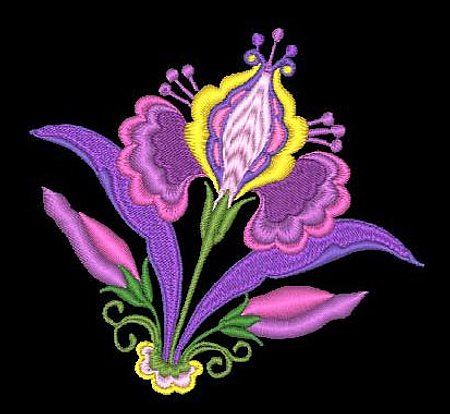 JACOBEAN FLOWERS  5 MACHINE EMBROIDERY DESIGNS (AzEB)  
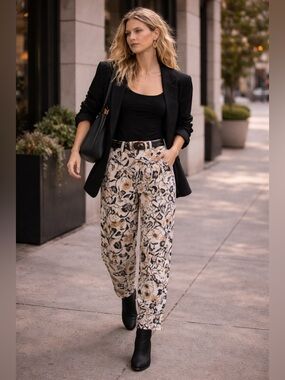 Anthropologie Soft Barrel Pants | Abstract Floral Cotton | Size 2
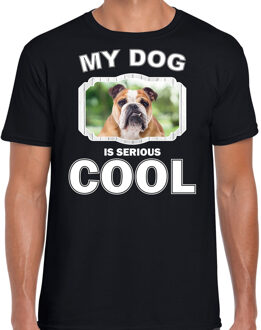 Bellatio Decorations Britse bulldog honden t-shirt my dog is serious cool zwart - heren - Coole Britse bulldogs liefhebber cadeau shirt 2XL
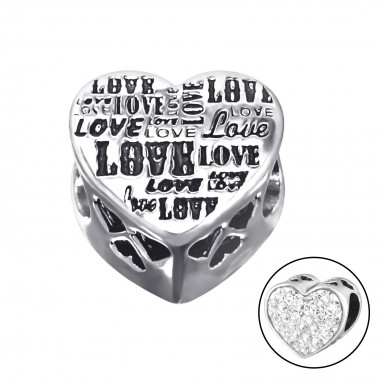 Heart Love - 925 Sterling Silver Beads with CZ/Crystal SD10607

=-=-=-=-=

» **WORK INSTRUCTIONS**
Reproduce the listing above from the line that contains "Anthropologie Soft Barrel" through its final line, exactly and with nothing added. Omit the images.

» **SOLUTION TO THE EXERCISE**
 Anthropologie Soft Barrel Pants | Abstract Floral Cotton | Size 2
 Bellatio Decorations Britse bulldog honden t-shirt my dog is serious cool zwart - heren - Coole Britse bulldogs liefhebber cadeau shirt 2XL
 Heart Love - 925 Sterling Silver Beads with CZ/Crystal SD10607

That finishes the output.